The refugee's violin

 

 

It's Christmas time!
I know this to be so for several reasons. The holly bushes round here are covered in berries, it's bloody cold, people keep giving me bottles of wine and bits of card decorated with pictures of a fat man dressed in a gay red outfit (and you can read into that what you will), and there's a tree in my house. But if you took all that away I'd still know it was the festive season - by virtue of all the crime dramas on the telly.

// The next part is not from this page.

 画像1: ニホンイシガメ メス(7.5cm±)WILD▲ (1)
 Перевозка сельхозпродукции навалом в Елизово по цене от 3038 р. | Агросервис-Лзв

I can't imagine who decided that the season of 'peace on Earth and goodwill to all men' was the right time to screen murder/mystery dramas, but it seems to have become an established part of the festive celebrations.
So, not wishing to buck the trend I have decided to share with you my very own tale of mystery and suspense.
If you haven't already done so, now is the time to fill your glass or put the kettle on and load up a plateful of nibbles - because, just like all good mysteries, if you miss the beginning you won't have a clue about what's going on later...and nothing spoils the atmosphere like a latecomer who pipes up with "So who's HE then?" at the denouement.
And what a fabulous word that is.
To save time in case you're unfamiliar with the word it means 'the clarification of the plot' - in other words, whodunit.
It's a French word, and given its dramatic meaning I think it quite right and proper that every effort should be made to pronounce it with all due flair and élan, thus: Day noo-mon. If you've had a few sherbets, or just watched Peter Seller's inimitable depiction of Inspector Clouseau, you might want to camp it up a little - thus: Dehggrr nyeuughmoournnn.
Works even better with a mouthful of mince pie and sherry. Don't forget to pout.

My tale of mystery starts way back in the 1980s. The scene is a lowly basement in Notting Hill - my old workshop.
At that time I shared the business with two other chaps; between us we specialised in brass, woodwind and strings repairs and as such we did work for schools on behalf of the I.L.E.A (the Inner London Education Authority) - a central organisation that oversaw the logistics of maintaining and supplying the thousands of educational establishments contained within Britain's capital city...and therefore just the sort of incredibly useful organisation that governments hate. Which is why they scrapped it.
Our role in the scheme of things was to collect broken instruments from schools, assess the work required, issue quotations and then, given the go-ahead, carry out the work and deliver the repaired items. It often transpired though that an instrument needed more spent on it than it was worth, in which case it was written off and the school would be sent a replacement. That left us holding the unwanted instruments, and for the most part these were kept for spares.

However, the string department rapidly filled up with busted and useless violins. With a replacement cost of about forty quid, and being so susceptible to damage it wasn't uncommon to write off half a dozen instruments a week - and there isn't much on a violin that can be used for spare parts.
So we had a surplus of violins and, occasionally, cellos.
Our initial solution was to bung them all in the arches adjoining the basement that ran under the street. These were small, dark and incredibly damp - and the combination of damp, mould and goodness knows what else would soon reduce the instruments into their component parts.
But even this wasn't enough, and soon we found ourselves having to consider other options for disposal.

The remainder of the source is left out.